62. Die Umweltzerstörungen sind zu offensichtlich, als dass man sie noch länger ignorieren
könnte. Die Weltwirtschaftsordnung, unzulängliche Entwicklungsmodelle, ungleiche
Ressourcenverteilung auf allen Gebieten, die nukleare, industrielle und sonstige
Umweltverschmutzung sowie das Konsumverhalten in ' den Industrie- und den
Entwicklungsländern werden als Ursachen für den misslichen Zustand wahrgenommen, in
dem sich die Erde befindet.
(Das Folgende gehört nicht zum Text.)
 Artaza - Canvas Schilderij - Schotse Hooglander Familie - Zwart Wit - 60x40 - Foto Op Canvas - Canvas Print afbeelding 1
Unersättlicher Konsum und extreme Armut bedrohen die Natur
ebenso wie wehrlose menschliche Gruppen durch Gier, Unwissenheit oder Überlebensnot.
63. Umfassende politische Verfahren des Sozialen mit dem Ziel, die Schädigungen der
Umwelt zu unterbinden und, soweit möglich, wiedergutzumachen, bedürfen der Ergänzung
durch umfassende offizielle und inoffizielle Bildungsprogramme zum Thema Umwelt wie
auch durch Unterstützungskampagnen für umweltpolitische Anliegen. In diesem Prozess fällt
den SozialarbeiterInnen die bedeutsame Rolle zu, Verbindungen mit anderen Gruppen
herzustellen. Der überaus gravierenden Bedrohung, der die Menschheit und ihr Lebensraum
ausgesetzt sind, müssen sich auch die SozialarbeiterInnen bewusst werden.